Who Will Get the Benefit of Your Retirement Annuity?

Who will receive your federal pension payments after your death? While an ideal relationship may be a couple getting married and living together for many years, reality can be different. With complex relationships, determining the disposition of a federal pension payment may provide employment for a number of people. Here is one of these cases.

Understanding personal relationships can be difficult. In an ideal world, two people fall in love, get married and live in relative happiness until the end of their lives. But, of course, many marriages do not fit this pattern. And, with complex relationships, and the prospect of a federal employee’s retirement pension that would provide a steady income for many years dangling in front of a former spouse, there is often plenty of work for lawyers and administrators to try and straighten out the residue of these complex relationships.

Here is one example of how complex relationships, and a federal retirement annuity, can become. (Patsy S. Painter v. OPM, 2007 MSPB 189 (August 16, 2007))

A couple who married in 1954 decided to get a divorce in 1979. Norba Painter was a federal employee and he retired under the Civil Service Retirement System (CSRS) in 1986. In 1996, Mr. Painter remarried the woman he had divorced in 1986. At that time, Mr. Painter requested that the Office of Personnel Management reduce his annuity to provide a maximum survivor annuity. This became effective on February 1, 1997.

No doubt, the relationship was stormy. The couple got another divorce in 1998. The court order dissolving the marriage did not award the former Mrs. Painter a former spouse survivor annuity.

Mr. Painter contacted OPM in 1999 and cancelled his election for a survivor annuity, presumably so that he could get a bigger retirement check each month. His request was granted and he began getting the bigger check.

Mr. Painter died in 2005. Then the complex personal relationship spilled over into the federal bureaucracy and the situation became even more convoluted.

The former Mrs. Painter applied for a former spouse survivor annuity and for death benefits now that the man she had been married to a couple of times had passed away. OPM denied her request for benefits.

An administrative judge found that the 1998 divorce decree did not expressly award a former spouse survivor annuity. The AJ also found that a subsequent court order issued in September 2006 dividing the parties’ property and awarding the appellant a former spouse annuity was ineffective as it was issued after Mr. Painter’s death.

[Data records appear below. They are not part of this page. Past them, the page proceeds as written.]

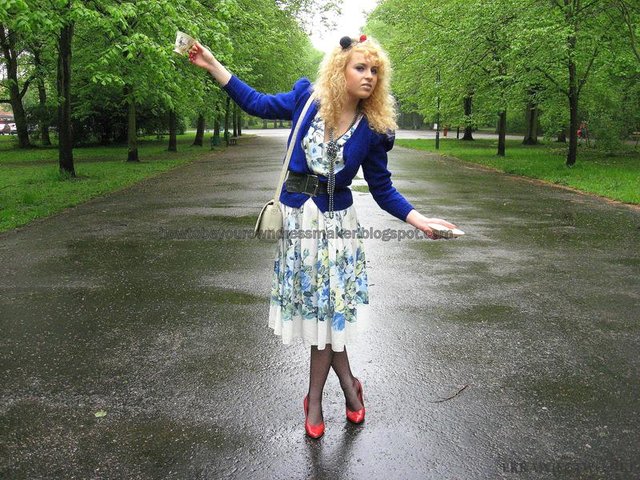 http://howtobeyourowndressmaker.blogspot.com/
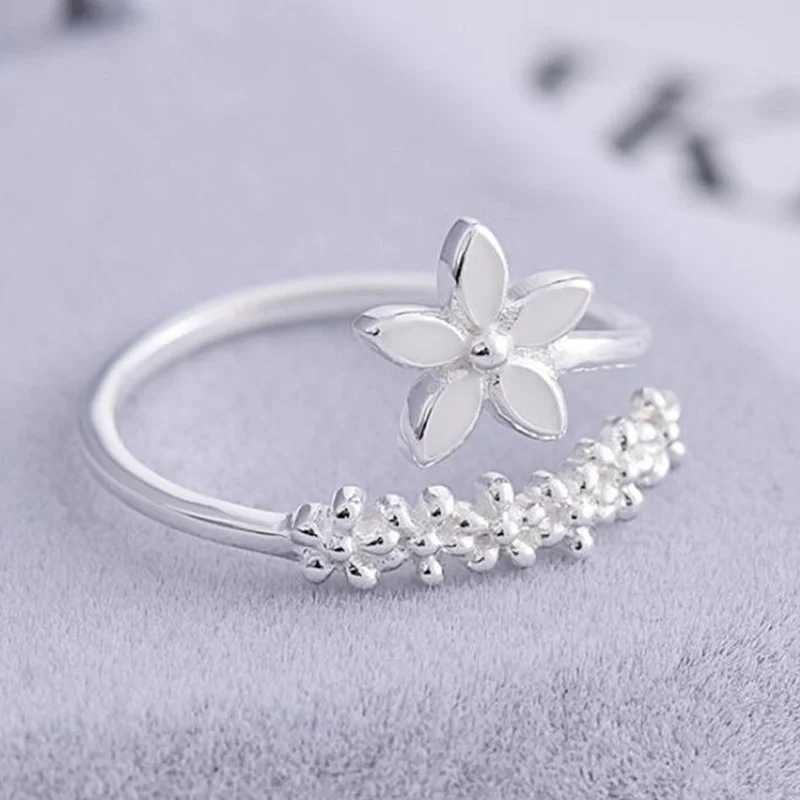 

Korean Style Daisy Flower Elegant Opening Rings Women Adjustable Wedding Party Rings Statement Jewelry Gift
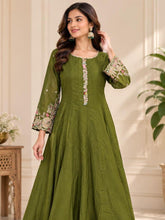 Nayab Noor
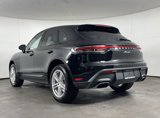 Certified 2024 Porsche Macan image 3
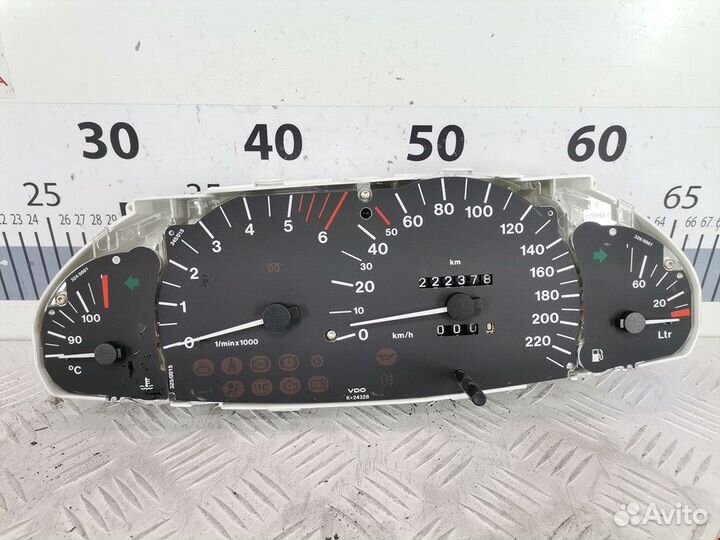 Панель приборная (щиток приборов) для Opel Omega B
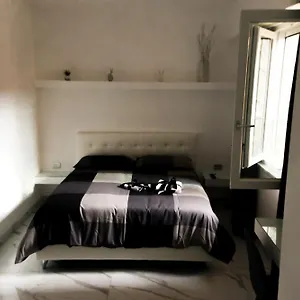 Alma House Bed & Breakfast
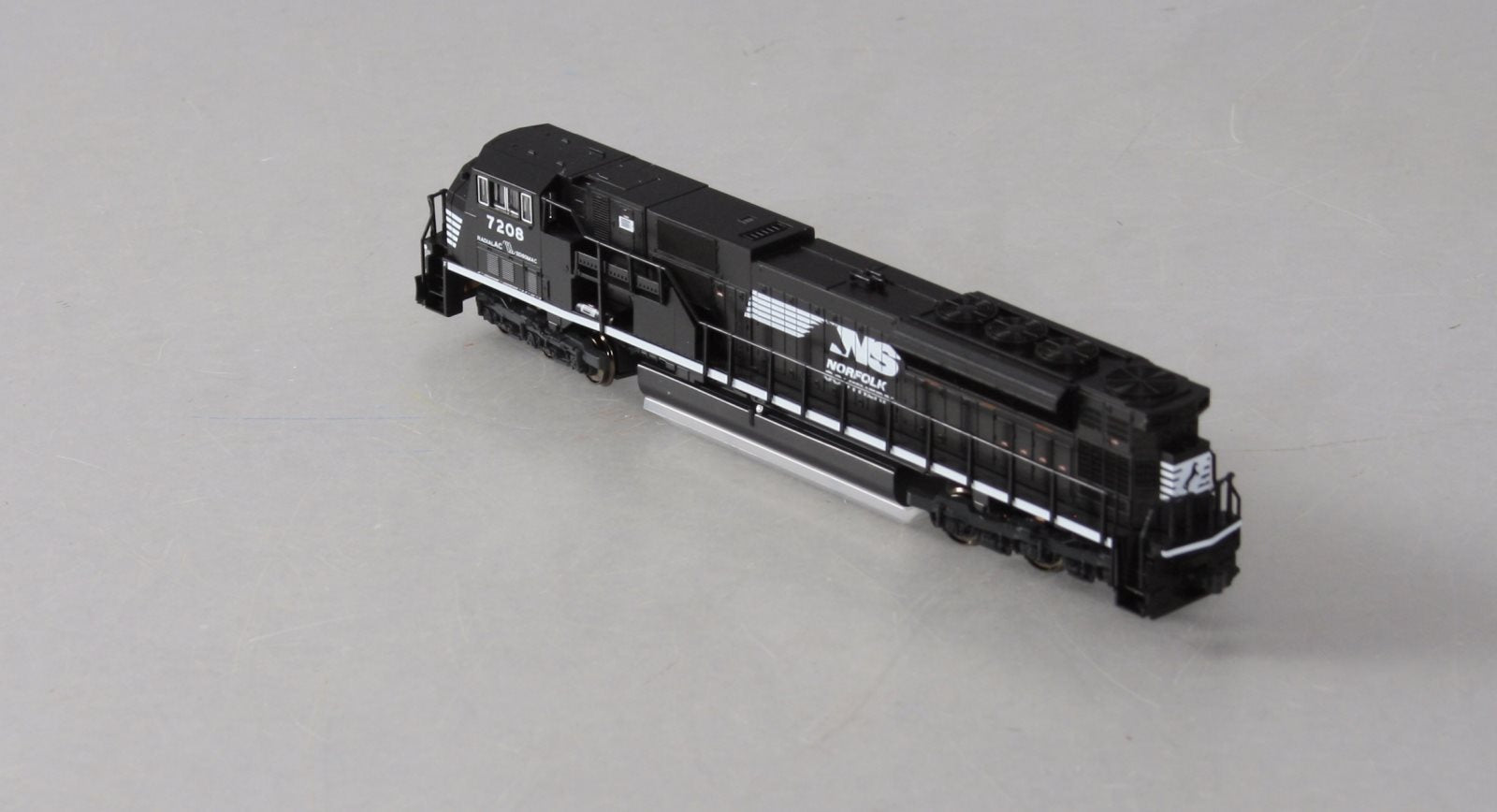 Kato 176-5513 N EMD SD80MAC NS'Horsehead' #7208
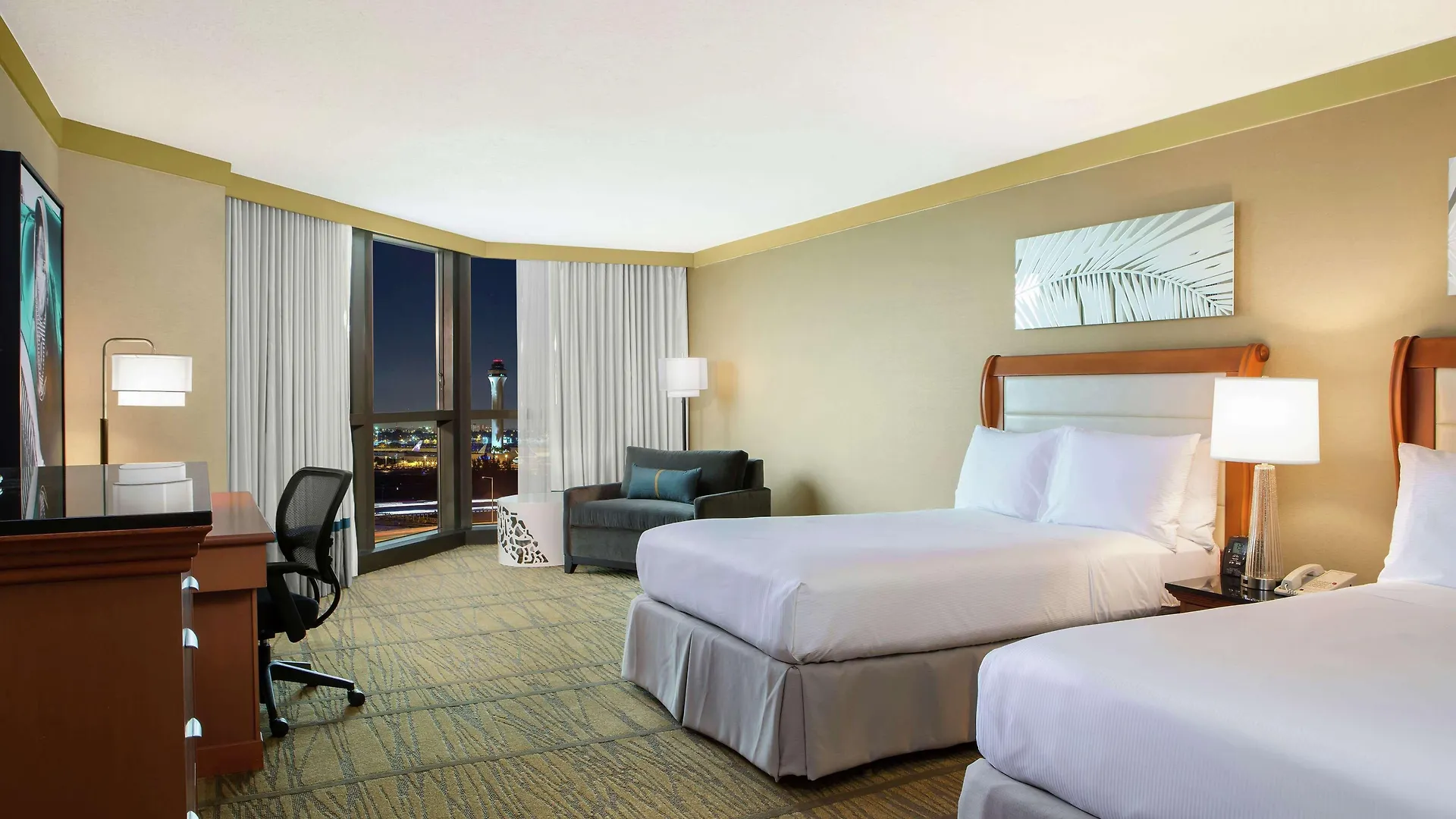 Doubletree By Hilton Airport & Convention Center Hotel 4*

Obviously, a request to start receiving the federal largesse each month required a legal hook. In this case, the former spouse contented that the Office of Personnel Management had not offered any evidence to prove that: Mr. Painter received the statutory annual notice of his right to elect a former spouse survivor annuity after his December 11, 1998 divorce.

In its decision, MSPB noted that OPM has the burden of proving both that it sent the annual notice and that any such notice was adequate to inform the annuitant of the specific election requirements. And, opined the MSPB, "A notice regarding election of former spouse survivor benefits is insufficient if it does not "stat[e] that a pre-divorce election automatically terminates upon divorce and that an annuitant must make a new election to provide a survivor annuity for a former spouse."

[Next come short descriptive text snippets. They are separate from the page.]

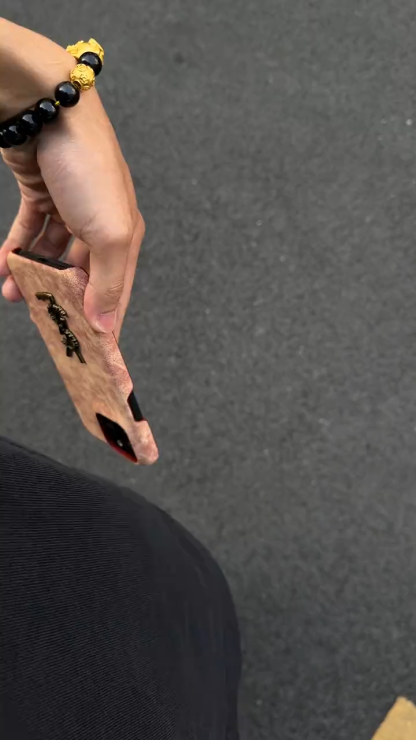 聖羅蘭扎染立標翻毛皮手機殼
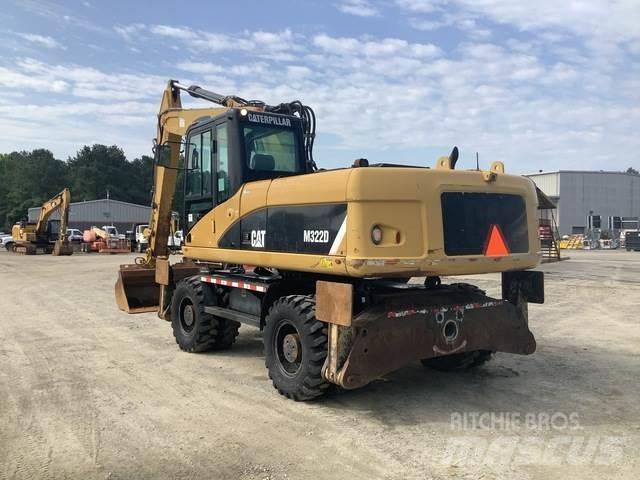 CAT M322D Bageri na kotačima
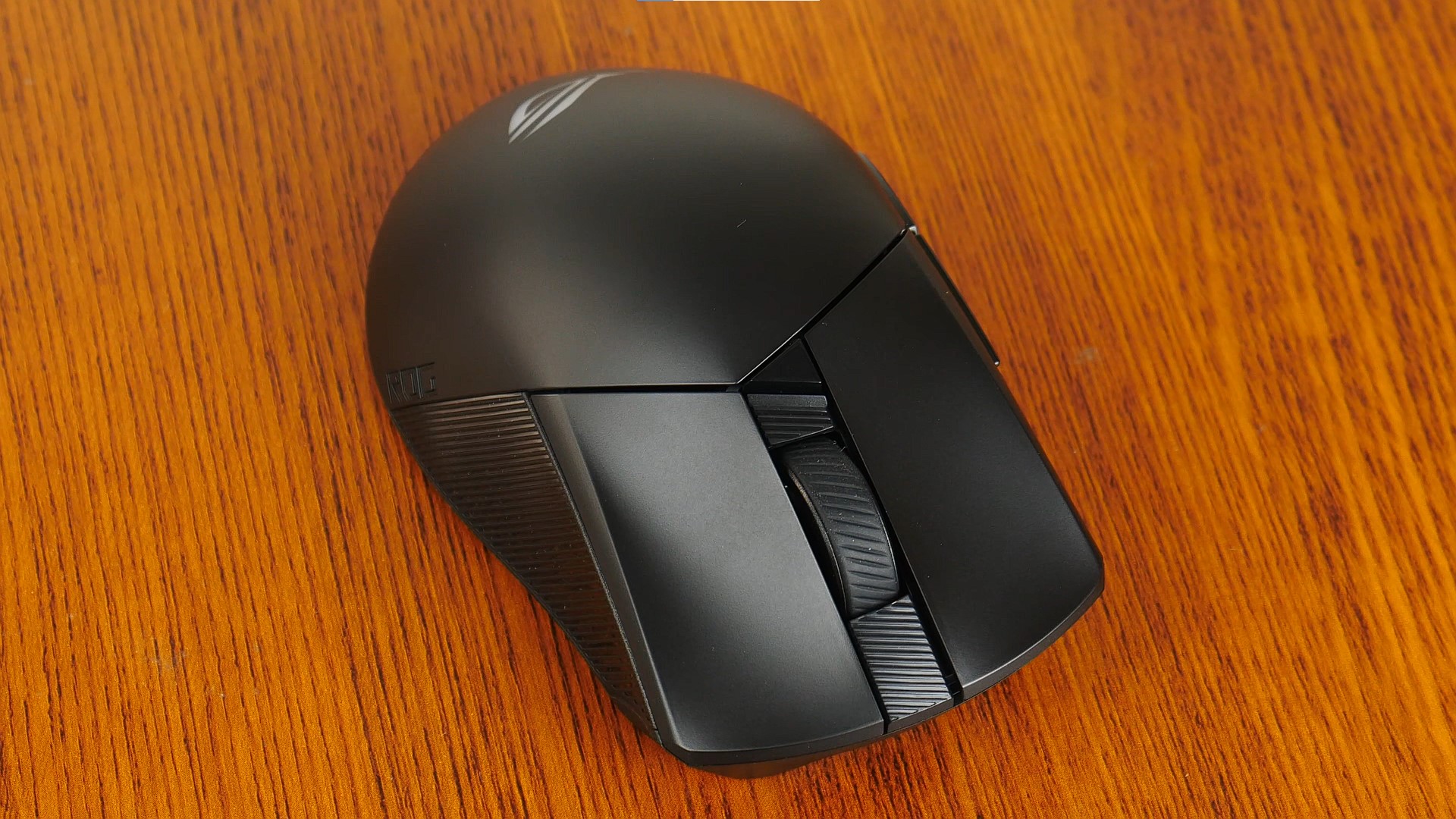 ASUS ROG Gladius III Wireless AimPoint Aesthetics (2)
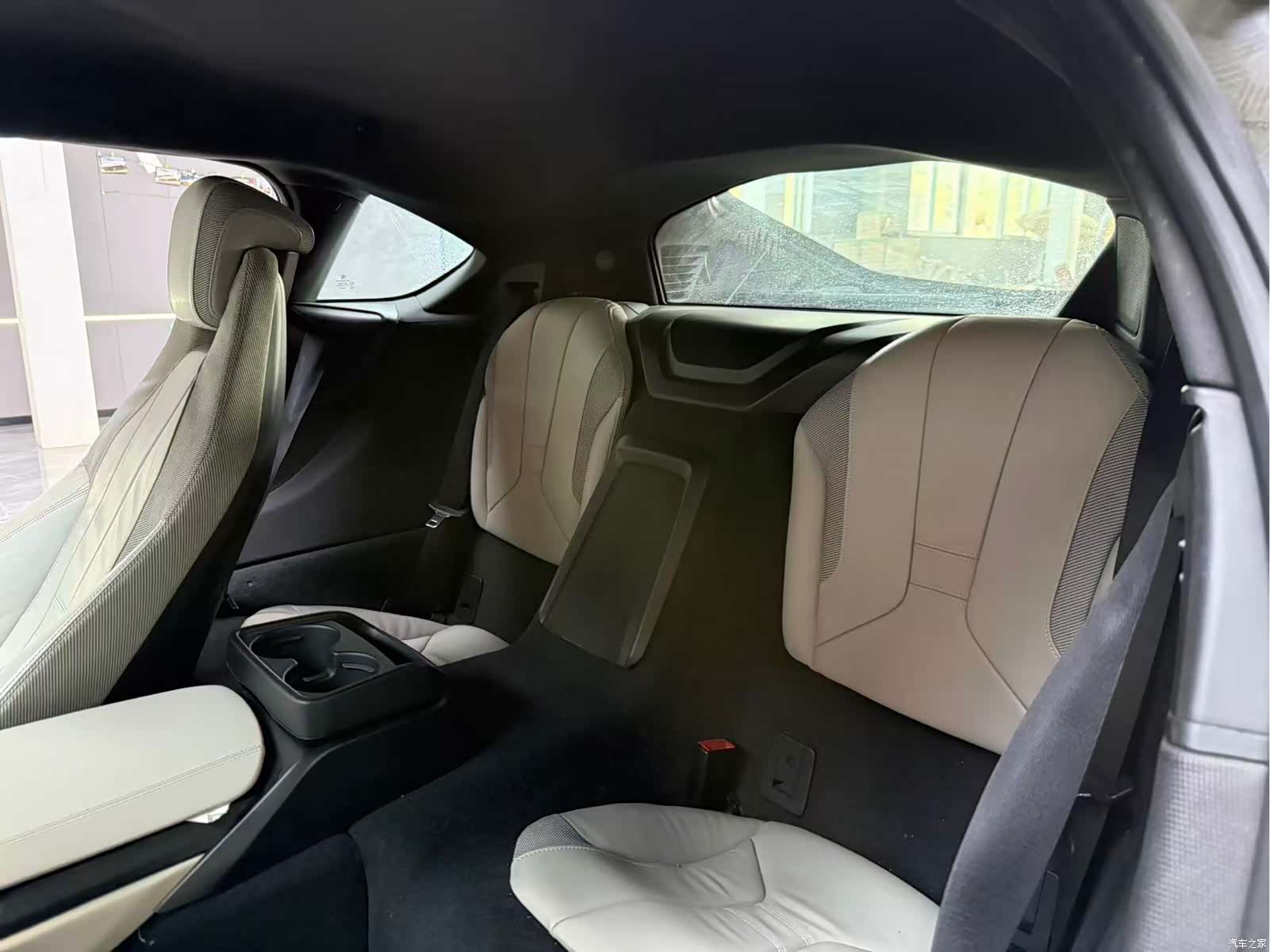 BMW i8, 2015 9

In effect, the legal hook may eventually work. The case was sent back to OPM because OPM did not show that it sent the annual notice to Mr. Painter and that Mr. Painter was sufficiently put on notice that he had to make a new election to provide a survivor annuity for the woman he had twice divorced.

Does it really make any difference? It does.

A former spouse may receive survivor annuity benefits even if the federal pensioner did not select the survivor annuity if (1) the annuitant did not receive the required notice, and (2) "there [is] evidence sufficient to show that the retiree intended to provide a survivor annuity for the former spouse.

But what about the fact that Mr. Painter had requested the bigger annuity check and had started to get the extra money each month? Apparently OPM did not provide evidence of its contentions to the MSPB so one reason for the remand is to sort out the remnants of this aspect of the case.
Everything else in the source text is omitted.